Is my cast-iron dirty?
I've had my cast-iron Lodge skillet for a few weeks now, using it about once a week. I've done all the recommended tips on maintaining it, but when I wipe it clean with a paper towel (some oil), there's some brown stuff. I can do this repeatedly and still the paper turns brown! What's this and is it safe to cook in it?
:) Normal. What you probably will notice is that if you keep wiping it will oil on new papertowe, you can eventually wipe it all away, and the towel with oil will look clear. What you also will notice is that soap actually does not remove it as well as oil can. My guess is that it is some oily based burned residue since it is so hydrophilic (lipohilia).

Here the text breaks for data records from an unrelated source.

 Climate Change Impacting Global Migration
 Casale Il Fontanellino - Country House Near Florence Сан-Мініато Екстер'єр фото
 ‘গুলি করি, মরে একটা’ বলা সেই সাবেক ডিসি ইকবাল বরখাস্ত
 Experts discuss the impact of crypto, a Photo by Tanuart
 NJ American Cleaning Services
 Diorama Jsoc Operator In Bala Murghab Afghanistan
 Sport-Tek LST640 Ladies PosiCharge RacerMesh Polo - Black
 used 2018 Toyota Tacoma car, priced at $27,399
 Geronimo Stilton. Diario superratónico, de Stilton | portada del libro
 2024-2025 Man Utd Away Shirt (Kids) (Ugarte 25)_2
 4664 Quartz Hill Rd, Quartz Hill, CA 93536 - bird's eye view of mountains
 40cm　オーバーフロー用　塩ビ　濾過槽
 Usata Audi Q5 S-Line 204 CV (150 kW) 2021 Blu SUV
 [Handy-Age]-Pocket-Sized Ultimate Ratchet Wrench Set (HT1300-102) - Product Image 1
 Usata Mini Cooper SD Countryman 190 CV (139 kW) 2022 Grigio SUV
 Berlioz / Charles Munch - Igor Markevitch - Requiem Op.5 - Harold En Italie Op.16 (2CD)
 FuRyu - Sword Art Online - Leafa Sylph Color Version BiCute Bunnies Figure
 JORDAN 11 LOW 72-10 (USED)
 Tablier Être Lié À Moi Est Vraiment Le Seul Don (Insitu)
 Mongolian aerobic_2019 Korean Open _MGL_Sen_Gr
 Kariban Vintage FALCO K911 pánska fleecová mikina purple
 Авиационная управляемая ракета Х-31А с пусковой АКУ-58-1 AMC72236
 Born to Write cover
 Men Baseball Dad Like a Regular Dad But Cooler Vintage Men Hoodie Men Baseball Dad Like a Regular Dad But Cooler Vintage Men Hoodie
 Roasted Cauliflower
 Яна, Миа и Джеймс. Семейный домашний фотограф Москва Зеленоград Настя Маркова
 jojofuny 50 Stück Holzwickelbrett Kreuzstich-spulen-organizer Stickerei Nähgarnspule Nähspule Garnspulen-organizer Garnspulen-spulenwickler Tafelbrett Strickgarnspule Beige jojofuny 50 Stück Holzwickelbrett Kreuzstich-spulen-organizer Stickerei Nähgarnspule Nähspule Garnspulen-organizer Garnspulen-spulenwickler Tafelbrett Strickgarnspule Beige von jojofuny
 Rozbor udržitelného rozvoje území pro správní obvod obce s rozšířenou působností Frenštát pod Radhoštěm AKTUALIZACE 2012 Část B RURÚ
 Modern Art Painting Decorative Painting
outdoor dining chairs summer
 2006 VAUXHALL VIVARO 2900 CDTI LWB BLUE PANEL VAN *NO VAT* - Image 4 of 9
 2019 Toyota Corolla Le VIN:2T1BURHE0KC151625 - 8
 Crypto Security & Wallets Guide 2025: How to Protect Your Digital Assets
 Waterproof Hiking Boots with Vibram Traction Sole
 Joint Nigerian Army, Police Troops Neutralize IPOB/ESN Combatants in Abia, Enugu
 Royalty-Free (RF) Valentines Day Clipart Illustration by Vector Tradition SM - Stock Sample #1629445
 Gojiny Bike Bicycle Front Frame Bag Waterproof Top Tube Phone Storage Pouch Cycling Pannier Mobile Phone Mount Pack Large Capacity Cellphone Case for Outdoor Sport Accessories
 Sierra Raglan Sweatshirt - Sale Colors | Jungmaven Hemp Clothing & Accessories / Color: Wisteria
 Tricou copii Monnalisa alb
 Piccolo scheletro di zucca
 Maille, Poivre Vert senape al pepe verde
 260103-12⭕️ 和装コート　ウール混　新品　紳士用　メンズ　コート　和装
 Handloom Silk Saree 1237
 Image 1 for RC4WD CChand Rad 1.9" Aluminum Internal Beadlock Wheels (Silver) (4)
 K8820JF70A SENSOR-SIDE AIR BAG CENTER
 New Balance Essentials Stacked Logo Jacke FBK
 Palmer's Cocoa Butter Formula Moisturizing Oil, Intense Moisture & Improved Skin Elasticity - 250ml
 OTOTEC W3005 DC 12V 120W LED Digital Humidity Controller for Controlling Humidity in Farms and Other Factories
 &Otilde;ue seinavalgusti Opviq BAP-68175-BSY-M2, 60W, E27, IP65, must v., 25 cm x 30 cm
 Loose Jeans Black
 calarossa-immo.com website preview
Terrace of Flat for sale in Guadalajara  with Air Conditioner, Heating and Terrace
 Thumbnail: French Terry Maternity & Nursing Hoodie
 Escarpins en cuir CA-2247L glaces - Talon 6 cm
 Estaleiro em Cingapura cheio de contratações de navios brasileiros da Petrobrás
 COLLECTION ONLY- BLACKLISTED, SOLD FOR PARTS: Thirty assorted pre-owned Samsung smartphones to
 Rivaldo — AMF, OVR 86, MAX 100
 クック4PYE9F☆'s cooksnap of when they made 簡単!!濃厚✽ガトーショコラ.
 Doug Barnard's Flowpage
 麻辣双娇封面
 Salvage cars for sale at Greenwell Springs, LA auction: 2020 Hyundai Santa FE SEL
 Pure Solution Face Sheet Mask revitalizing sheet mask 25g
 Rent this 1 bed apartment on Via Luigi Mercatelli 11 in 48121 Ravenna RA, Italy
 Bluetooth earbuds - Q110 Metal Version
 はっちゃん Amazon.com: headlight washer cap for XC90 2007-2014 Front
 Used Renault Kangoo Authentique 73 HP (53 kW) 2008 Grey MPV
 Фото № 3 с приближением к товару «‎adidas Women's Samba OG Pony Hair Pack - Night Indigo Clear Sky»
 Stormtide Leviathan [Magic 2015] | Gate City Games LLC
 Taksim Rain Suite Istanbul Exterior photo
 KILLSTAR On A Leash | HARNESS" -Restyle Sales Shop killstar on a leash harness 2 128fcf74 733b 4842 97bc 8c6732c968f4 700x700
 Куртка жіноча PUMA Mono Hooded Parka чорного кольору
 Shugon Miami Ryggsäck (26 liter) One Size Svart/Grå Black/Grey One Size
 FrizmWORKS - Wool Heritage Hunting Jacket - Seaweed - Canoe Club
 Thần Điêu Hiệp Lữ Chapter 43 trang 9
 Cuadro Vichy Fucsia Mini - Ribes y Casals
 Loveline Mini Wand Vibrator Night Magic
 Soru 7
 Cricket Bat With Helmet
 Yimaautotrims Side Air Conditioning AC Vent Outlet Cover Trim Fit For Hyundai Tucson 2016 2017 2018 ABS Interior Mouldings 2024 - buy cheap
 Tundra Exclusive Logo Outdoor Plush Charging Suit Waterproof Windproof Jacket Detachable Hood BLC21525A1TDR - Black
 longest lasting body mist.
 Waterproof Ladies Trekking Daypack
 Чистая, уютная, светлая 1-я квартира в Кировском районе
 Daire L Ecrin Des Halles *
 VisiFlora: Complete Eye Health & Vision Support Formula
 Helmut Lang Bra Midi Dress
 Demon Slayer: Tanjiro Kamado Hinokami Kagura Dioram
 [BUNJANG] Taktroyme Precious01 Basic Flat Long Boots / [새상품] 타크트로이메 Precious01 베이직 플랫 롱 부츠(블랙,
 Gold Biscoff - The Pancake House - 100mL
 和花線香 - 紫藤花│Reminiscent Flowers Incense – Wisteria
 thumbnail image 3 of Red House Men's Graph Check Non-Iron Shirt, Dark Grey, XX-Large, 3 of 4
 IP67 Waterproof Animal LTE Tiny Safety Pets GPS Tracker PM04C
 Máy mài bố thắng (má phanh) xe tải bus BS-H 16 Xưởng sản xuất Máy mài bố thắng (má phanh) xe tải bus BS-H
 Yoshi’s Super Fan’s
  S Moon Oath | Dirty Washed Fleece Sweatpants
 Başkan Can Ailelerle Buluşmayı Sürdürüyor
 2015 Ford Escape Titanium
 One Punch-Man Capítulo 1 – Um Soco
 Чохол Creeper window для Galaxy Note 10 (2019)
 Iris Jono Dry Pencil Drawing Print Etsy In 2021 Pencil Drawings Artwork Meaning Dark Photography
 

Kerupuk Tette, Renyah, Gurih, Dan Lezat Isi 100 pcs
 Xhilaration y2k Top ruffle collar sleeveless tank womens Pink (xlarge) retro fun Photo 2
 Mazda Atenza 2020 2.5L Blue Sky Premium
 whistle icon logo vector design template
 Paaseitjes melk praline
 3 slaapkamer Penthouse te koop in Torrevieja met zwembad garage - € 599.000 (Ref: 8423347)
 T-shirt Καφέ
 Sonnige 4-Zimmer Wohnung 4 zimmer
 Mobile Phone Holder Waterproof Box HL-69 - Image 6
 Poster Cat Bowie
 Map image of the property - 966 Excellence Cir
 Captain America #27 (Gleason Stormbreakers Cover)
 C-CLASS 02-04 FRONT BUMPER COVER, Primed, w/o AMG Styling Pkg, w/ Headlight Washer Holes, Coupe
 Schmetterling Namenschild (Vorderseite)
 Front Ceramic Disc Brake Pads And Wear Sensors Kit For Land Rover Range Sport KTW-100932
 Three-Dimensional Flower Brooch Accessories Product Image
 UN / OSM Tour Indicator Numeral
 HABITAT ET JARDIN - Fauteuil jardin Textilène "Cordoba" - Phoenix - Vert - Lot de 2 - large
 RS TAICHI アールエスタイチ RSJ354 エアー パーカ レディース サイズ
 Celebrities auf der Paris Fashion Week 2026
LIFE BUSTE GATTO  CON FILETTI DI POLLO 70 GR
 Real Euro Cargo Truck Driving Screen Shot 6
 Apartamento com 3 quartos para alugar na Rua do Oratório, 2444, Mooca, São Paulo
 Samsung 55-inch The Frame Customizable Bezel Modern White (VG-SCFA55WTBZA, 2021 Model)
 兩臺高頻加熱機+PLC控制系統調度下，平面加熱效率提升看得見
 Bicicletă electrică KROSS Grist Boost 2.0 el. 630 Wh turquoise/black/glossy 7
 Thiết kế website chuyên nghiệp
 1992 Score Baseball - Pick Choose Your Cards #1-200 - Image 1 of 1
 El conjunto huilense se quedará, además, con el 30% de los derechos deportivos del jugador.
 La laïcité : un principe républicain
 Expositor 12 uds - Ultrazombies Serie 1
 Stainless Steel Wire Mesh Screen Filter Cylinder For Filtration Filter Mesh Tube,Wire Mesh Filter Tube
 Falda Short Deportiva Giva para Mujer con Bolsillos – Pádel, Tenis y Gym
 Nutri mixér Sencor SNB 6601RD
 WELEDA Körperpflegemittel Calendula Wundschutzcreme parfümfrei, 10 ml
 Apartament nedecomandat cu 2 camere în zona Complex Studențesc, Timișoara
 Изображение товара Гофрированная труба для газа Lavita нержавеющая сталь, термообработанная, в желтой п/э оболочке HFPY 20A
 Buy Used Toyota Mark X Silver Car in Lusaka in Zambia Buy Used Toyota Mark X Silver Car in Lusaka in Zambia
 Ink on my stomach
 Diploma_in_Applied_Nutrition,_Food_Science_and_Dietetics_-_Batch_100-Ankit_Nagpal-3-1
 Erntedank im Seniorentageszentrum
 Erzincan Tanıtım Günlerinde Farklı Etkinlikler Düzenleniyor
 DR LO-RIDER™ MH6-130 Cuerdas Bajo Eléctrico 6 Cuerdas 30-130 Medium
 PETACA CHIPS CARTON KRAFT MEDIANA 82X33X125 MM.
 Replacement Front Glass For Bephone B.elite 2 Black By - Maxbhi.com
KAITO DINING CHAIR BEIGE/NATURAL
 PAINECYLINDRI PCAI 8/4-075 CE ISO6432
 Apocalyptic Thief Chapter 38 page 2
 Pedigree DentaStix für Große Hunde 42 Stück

Hello again Chemicalkinetics,
I have a very hard time navigating these discussion boards, so please forgive that I am probably not on the correct "thread" (if that is what these are called) in regard to these DeBuyer Mineral pan discussion from a few days ago.
I tried your latest recommendation *with high hopes*, that I'd finally get to the bottom of the issue at hand (with the pan releasing the dark, powdery-fine charcoal, metallic-tinged sheen on the bottom of each and every fried egg I cook up)!!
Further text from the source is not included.